Please state how many lines of the material contain "people", giving nothing but the number.
=== Section Start ===
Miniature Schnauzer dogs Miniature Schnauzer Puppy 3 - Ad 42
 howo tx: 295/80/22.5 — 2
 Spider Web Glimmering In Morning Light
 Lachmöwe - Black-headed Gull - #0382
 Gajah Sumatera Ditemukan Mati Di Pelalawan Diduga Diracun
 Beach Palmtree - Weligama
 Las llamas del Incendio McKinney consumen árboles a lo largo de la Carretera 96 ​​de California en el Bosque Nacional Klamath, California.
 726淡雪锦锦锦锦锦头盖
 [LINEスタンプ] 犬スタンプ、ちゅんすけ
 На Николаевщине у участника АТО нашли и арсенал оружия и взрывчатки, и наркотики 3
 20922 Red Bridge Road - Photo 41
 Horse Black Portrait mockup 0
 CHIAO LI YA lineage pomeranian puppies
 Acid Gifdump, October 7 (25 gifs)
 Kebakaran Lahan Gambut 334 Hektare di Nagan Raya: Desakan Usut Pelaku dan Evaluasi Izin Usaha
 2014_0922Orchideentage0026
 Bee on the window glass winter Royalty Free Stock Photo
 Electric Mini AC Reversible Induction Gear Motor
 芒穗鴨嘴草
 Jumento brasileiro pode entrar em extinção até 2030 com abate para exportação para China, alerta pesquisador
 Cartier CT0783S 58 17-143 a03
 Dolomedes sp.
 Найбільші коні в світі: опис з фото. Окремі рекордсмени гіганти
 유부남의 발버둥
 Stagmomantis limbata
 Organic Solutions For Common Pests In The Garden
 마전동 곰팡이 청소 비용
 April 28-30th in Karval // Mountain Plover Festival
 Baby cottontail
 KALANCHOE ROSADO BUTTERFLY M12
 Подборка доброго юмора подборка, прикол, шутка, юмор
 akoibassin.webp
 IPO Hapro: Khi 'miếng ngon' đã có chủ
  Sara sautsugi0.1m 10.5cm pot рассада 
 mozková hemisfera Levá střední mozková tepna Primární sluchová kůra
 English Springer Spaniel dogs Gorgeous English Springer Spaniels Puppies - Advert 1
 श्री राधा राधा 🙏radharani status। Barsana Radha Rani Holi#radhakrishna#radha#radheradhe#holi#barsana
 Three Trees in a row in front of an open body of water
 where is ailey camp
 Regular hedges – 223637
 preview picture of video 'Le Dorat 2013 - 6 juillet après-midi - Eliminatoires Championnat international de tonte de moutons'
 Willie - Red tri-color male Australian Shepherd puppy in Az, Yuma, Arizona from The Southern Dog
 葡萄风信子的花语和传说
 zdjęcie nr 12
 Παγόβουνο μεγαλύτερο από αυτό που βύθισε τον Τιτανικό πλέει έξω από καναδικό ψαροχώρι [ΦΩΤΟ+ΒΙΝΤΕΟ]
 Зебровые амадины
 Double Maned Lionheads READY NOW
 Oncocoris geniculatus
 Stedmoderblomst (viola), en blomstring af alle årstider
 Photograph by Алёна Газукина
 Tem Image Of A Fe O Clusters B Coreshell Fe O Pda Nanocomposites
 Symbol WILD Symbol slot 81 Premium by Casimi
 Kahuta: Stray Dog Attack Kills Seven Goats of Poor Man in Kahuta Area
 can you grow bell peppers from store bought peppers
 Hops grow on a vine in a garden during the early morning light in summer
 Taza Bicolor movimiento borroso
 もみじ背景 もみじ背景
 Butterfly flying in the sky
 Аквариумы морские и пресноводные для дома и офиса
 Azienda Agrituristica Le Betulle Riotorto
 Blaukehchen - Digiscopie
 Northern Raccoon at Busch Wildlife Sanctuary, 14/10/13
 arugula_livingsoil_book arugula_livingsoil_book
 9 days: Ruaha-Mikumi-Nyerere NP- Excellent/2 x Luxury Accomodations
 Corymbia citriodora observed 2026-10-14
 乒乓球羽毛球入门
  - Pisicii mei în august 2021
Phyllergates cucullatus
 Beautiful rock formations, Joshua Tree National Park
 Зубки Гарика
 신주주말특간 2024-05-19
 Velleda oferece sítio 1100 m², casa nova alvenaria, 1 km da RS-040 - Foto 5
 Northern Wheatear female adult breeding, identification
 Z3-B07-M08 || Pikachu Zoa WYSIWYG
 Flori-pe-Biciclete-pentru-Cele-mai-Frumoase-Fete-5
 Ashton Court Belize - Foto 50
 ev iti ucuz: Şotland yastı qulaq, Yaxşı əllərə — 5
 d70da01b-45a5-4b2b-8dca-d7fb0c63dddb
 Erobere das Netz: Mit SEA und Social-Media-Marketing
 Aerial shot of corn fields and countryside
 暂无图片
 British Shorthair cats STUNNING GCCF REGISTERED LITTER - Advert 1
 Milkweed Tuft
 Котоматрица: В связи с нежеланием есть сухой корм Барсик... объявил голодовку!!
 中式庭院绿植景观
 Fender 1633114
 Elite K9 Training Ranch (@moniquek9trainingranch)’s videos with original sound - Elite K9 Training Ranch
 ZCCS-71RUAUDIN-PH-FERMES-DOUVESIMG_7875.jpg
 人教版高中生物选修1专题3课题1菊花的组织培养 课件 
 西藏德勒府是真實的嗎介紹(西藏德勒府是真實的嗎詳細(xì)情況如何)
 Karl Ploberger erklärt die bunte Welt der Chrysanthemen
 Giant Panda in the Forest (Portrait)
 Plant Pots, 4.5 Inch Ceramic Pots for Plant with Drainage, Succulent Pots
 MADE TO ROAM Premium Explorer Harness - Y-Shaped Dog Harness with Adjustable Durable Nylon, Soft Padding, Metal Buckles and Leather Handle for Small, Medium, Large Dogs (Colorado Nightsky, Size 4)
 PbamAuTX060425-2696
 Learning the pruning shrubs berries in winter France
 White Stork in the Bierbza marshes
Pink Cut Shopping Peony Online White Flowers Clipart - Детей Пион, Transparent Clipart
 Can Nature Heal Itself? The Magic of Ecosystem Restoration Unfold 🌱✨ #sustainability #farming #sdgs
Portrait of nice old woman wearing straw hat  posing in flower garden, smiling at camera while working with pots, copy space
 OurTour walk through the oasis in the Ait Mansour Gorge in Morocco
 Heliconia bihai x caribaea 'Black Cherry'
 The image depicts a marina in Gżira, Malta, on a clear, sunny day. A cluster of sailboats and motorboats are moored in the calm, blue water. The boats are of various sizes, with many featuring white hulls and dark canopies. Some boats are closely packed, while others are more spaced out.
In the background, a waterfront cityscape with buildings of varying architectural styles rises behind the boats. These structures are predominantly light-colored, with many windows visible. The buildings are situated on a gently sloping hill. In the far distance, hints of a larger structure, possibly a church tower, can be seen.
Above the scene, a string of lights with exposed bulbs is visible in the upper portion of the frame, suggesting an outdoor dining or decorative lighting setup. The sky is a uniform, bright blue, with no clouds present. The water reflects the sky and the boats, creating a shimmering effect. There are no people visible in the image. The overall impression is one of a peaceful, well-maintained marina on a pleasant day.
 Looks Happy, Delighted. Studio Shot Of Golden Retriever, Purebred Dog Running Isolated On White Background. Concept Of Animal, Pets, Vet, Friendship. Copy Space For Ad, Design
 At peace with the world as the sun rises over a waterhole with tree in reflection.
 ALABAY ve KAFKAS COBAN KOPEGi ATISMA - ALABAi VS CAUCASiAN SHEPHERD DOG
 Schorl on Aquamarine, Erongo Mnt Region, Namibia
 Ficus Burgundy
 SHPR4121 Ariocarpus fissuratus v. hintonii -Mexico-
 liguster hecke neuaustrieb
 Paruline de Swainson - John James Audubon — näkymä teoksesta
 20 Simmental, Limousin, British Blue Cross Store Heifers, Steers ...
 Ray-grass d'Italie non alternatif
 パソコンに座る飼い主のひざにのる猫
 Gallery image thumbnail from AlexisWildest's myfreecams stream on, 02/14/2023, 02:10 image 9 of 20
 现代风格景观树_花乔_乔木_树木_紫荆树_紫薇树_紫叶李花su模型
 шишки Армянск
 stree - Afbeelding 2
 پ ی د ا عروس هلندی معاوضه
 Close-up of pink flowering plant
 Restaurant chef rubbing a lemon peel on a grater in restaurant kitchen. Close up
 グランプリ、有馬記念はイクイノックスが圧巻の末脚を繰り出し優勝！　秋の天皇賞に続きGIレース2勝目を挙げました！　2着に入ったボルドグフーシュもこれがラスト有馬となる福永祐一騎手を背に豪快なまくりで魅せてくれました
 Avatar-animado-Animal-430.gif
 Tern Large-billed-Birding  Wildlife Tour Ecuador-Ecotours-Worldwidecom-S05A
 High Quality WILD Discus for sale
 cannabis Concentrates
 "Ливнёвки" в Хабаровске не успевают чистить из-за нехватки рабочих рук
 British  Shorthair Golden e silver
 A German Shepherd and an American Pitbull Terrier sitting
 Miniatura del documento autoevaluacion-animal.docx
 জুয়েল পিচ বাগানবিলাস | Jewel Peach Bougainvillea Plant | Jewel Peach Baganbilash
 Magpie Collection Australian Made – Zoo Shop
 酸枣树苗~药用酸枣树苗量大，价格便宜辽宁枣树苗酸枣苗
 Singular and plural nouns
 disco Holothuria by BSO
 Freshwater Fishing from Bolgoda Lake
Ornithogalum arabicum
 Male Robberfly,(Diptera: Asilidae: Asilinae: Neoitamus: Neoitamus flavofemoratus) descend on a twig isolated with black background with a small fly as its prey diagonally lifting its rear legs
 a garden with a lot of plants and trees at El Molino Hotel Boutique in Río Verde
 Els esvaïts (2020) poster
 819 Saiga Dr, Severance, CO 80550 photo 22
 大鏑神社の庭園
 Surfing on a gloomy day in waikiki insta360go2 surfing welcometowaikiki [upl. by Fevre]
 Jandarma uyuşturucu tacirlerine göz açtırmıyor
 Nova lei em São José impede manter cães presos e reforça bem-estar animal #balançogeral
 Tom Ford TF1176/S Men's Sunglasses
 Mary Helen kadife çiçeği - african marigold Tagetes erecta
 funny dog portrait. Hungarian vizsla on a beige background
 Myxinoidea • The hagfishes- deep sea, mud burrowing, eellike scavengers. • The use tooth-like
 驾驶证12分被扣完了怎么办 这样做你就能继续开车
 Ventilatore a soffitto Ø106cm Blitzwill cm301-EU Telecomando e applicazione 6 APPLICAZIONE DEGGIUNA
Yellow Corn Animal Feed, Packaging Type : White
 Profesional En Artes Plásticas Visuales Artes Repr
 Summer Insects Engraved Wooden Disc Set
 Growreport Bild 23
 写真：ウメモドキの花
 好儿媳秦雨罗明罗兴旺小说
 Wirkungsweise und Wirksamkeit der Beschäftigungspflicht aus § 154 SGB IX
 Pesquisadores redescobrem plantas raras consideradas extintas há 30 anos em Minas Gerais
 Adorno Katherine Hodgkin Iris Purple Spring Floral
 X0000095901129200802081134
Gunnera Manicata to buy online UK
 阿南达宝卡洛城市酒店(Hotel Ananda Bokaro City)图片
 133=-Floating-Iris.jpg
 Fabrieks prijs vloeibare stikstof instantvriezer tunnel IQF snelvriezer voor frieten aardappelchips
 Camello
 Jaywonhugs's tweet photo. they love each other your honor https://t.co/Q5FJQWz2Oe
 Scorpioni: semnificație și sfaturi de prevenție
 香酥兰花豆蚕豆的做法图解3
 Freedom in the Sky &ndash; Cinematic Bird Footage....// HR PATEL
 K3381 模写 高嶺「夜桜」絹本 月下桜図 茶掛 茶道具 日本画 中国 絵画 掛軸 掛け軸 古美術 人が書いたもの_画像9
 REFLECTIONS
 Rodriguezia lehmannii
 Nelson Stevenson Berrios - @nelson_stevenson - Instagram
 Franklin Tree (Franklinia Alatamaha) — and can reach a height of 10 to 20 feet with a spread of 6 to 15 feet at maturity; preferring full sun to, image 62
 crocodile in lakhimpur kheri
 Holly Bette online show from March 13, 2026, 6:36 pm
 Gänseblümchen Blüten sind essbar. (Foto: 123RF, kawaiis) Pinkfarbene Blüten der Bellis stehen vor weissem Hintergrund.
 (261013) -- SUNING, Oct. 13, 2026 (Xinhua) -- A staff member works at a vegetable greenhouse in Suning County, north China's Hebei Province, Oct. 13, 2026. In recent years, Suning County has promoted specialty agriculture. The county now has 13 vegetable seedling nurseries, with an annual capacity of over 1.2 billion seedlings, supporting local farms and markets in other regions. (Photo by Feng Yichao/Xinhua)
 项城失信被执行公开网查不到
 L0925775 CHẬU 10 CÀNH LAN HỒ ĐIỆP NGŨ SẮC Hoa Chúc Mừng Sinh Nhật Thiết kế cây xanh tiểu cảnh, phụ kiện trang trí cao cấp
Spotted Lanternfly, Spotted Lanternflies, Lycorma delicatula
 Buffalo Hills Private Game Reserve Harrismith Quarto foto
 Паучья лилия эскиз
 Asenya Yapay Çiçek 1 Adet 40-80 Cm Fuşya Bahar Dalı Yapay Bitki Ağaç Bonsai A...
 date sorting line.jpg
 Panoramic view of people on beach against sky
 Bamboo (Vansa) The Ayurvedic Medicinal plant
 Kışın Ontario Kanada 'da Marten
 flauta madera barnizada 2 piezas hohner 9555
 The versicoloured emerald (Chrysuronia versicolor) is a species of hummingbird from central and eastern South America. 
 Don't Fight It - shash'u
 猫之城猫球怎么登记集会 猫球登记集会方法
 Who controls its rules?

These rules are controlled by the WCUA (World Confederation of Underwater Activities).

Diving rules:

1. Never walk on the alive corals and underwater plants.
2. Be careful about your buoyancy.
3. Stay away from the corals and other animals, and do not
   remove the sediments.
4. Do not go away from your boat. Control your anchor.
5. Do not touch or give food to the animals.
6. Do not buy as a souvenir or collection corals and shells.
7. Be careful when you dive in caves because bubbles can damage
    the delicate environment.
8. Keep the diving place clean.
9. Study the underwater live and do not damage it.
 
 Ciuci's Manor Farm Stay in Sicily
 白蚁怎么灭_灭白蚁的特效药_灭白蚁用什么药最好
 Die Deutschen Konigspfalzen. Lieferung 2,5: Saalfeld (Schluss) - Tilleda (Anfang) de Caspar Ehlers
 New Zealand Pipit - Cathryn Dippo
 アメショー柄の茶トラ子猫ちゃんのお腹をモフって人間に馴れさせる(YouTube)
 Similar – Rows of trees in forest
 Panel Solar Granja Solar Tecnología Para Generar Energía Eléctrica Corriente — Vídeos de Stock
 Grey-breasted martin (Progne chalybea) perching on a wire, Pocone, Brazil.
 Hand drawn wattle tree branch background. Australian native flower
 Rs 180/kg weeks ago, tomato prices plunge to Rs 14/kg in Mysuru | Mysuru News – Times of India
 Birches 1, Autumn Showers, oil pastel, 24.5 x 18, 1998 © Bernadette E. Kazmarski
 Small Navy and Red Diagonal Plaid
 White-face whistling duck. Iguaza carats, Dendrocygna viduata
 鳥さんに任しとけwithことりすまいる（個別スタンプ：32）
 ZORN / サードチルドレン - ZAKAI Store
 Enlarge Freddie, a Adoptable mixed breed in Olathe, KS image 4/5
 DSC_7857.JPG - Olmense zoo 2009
=== Section End ===
__RESPONSE TO THE EXERCISE__
2